Economic Crisis and the Dawn of the GRC Era for XBRL
Written by Lane Leskela Posted on November 13, 2008
Lane Leskela, PCM, MIA, is the Vice President of Technology Programs at The Open Compliance & Ethics Group (OCEG). Lane is responsible for managing OCEG’s Technology Council Programs, including the GRC Blueprint®, GRC Roadmap®, and GRC-XML® Provisional Jurisdiction of XBRL International. OCEG is a 15,000-member global nonprofit focused on guidance, standards, benchmarks, and tools for integrating governance, risk, and compliance (GRC) processes.
The current economic environment is crying out for sustainable technology standards at the core of information governance. Profound losses in the financial markets were the result of weak governance, failing risk management, and little regard for the consequences.
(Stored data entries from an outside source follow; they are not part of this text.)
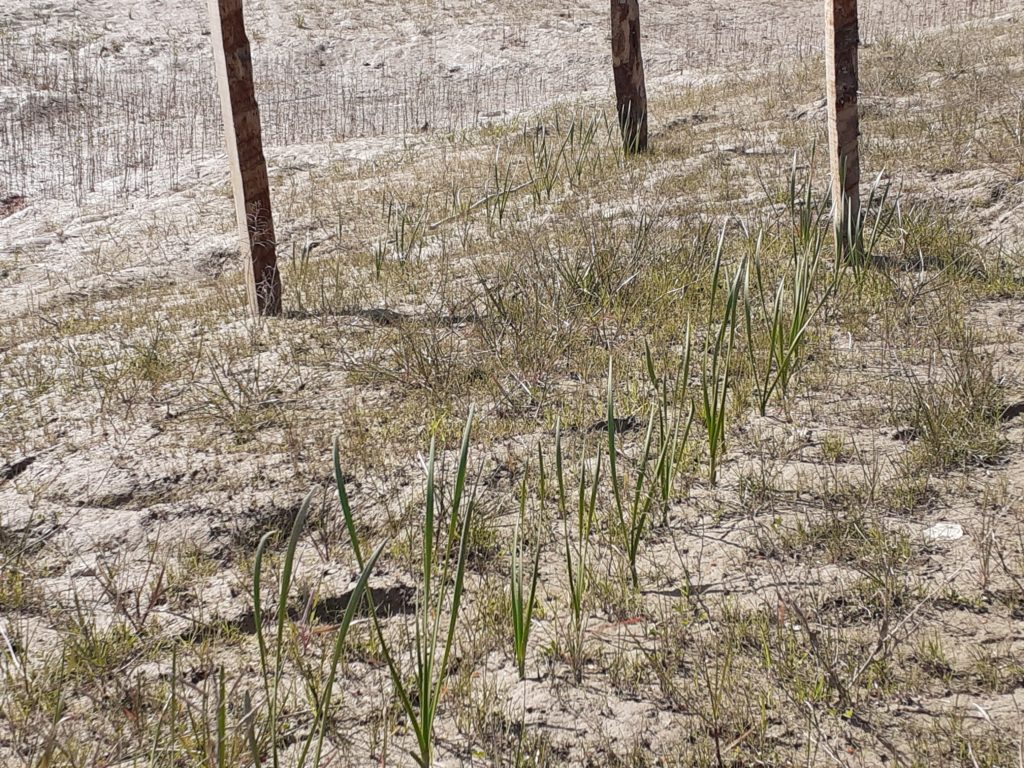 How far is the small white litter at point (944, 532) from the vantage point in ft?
7.52

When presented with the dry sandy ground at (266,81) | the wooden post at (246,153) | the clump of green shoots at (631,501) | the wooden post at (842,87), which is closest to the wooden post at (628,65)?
the dry sandy ground at (266,81)

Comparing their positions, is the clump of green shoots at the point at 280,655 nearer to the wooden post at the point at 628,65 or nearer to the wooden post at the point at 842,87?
the wooden post at the point at 842,87

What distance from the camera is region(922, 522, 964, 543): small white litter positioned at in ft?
7.52

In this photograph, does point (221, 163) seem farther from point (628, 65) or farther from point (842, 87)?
point (842, 87)

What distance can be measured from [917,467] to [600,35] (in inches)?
604

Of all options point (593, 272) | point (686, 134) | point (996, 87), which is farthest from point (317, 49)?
point (593, 272)

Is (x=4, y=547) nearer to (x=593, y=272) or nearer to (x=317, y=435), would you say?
(x=317, y=435)

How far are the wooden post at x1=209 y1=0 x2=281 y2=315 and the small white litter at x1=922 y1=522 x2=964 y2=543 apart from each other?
11.8 feet

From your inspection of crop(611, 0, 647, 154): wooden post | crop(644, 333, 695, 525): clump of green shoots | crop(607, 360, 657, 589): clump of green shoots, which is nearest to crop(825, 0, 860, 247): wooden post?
crop(644, 333, 695, 525): clump of green shoots

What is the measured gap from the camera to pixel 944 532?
7.60ft

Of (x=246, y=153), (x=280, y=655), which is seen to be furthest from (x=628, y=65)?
(x=280, y=655)

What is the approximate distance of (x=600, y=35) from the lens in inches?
643

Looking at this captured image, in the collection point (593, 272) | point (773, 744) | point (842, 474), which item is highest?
point (593, 272)

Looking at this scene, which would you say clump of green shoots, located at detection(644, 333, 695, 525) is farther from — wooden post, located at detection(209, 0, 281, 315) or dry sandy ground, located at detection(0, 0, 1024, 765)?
wooden post, located at detection(209, 0, 281, 315) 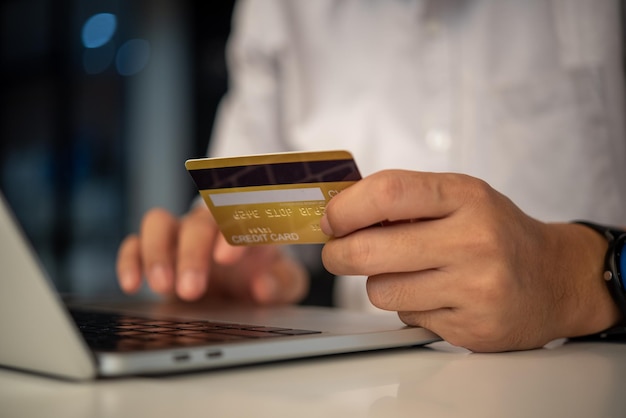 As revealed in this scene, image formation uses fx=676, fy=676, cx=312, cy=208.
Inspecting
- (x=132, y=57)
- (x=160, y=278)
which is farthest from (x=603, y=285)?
(x=132, y=57)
The time has come for the methods needed to identify and manage risks, ensure oversight, and enforce corporate policies and procedures to exploit XBRL. In this extremely challenging economic climate, OCEG foresees increased demand to leverage the expanding taxonomy for financial reporting purposes to meeting the challenges of operational risk and compliance management as part of the natural evolution of XBRL.
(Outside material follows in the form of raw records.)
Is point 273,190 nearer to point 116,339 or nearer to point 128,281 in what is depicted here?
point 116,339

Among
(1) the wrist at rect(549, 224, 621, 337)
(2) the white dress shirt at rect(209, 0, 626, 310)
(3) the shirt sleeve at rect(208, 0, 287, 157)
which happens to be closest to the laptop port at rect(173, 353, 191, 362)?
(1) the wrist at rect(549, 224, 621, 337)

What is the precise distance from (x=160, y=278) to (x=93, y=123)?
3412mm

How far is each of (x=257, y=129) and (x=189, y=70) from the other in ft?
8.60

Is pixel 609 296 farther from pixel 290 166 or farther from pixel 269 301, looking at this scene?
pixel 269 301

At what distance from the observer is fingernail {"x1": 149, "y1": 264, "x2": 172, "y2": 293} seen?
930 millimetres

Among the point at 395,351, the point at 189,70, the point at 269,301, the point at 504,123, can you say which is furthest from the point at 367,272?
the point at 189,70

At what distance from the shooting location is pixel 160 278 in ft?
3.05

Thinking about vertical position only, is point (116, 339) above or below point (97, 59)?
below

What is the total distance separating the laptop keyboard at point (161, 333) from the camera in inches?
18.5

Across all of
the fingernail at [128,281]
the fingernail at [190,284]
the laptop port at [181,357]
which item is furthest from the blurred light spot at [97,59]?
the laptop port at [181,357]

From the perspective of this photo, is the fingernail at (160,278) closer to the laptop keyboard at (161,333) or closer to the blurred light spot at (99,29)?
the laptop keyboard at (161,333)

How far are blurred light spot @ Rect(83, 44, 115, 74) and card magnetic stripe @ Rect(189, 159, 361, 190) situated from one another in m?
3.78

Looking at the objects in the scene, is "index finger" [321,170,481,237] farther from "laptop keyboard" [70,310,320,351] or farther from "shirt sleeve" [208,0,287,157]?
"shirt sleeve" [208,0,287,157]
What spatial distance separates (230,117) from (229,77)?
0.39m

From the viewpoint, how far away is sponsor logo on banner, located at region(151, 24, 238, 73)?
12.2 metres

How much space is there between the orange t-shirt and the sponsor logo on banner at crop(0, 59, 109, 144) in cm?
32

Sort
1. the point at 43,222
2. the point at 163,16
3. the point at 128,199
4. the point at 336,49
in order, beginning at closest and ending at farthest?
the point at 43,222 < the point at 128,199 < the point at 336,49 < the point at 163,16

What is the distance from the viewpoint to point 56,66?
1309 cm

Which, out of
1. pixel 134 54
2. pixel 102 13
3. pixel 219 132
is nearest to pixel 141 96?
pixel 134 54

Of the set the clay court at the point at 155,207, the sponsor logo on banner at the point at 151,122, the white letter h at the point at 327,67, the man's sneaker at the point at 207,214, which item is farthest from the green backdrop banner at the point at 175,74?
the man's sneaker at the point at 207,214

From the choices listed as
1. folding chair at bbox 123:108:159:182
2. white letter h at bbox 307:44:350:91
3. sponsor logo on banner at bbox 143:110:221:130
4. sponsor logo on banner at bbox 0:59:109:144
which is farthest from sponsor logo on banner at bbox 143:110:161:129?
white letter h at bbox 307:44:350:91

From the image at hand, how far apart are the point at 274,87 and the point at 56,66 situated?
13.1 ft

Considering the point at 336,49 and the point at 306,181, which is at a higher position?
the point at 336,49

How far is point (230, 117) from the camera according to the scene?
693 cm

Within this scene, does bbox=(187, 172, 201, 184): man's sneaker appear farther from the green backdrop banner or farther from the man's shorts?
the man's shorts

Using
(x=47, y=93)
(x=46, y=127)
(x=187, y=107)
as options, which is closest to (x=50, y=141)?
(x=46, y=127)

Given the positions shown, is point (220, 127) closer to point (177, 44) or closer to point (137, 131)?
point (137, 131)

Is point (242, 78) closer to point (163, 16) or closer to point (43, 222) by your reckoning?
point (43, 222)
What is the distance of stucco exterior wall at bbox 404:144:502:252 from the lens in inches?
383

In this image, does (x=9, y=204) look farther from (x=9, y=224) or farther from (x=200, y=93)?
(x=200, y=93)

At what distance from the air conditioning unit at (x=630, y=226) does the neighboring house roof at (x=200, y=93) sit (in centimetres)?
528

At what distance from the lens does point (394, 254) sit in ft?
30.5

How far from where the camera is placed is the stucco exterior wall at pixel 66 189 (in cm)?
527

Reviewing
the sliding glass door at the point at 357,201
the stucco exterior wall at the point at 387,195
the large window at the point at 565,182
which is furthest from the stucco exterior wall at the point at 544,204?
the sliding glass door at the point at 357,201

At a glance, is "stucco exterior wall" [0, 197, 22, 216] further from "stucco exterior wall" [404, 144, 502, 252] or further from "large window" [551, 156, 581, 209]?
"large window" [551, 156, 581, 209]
OCEG sees the inevitable combination of people skills, business practices, and information technology necessary to improve governance, risk, and compliance management, not as ends in themselves, but as serving the organizational necessity of Principled Performance®. Principled Performance centers on bringing the mandated requirements (regulatory, legal, and contractual) for an organization’s operations together with the voluntary commitments (business practices, customer expectations, service levels) that help focus the organization on internally and externally directed improvement.
The complete portfolio of processes directly related to GRC include organizational and IT governance, business strategy, all levels of risk management, quality management, financial and IT audit, legal obligations, security, compliance monitoring and reporting, social responsibility, and ethical culture. Synchronized planning and communication between multiple business departments, decision-makers, business partners, suppliers, and customers is the key to successfully leveraging GRC across an extended enterprise of any size and shape.
To this end, diverse organizations with broad international experience and constituents are building the basic definitions and structure that will comprise a comprehensive taxonomy for GRC XBRL. Critical work on aspects of the emerging taxonomy and messaging standards for GRC have been undertaken by organizations that include the Fujitsu Research Institute, AIIM’s StratML Work Group, and the International Standards of Accounting and Reporting (ISAR) group of the United Nations’s Council on Trade and Development (UNCTAD). Moreover, OCEG’s GRC-XML Work Group is now the Provisional Jurisdiction for this area in XBRL International.
Along with bringing together the major contributors to the emerging XBRL taxonomy for GRC, OCEG envisions stewardship for this new GRC-XML Jurisdiction over five defining domains:
1. Common Financial and Operational Risk Controls
2. Corporate Social Responsibility and Transparency Metrics
3. Issue and Incident Management Taxonomy
4. Performance Management Reporting
5. Corporate Policy and Organizational Strategy Taxonomy
The construction of XBRL standards in each domain will address information standards based on Authorities with respect to:
1. Policies and processes modeling regulatory authority guidelines for laws, rules, and regulations
2. References and translation procedures based on authority documents
3. Object definitions, elements, and specifications derived from authority documents
4. Metrics that define standardized process performance and risk indicators
As painful as the current economic environment is for most businesses and markets, the opportunity for a deeper commitment to developing GRC components for XBRL has emerged. Over the next few years, as business performance improves and economic value ultimately rises, long-term efficiencies will be supported by a more coordinated set of information standards that inherently integrate risk and compliance processes. Advancing compliance and risk management capability across markets and industries is a deeply important and global role that is now assigned to XBRL.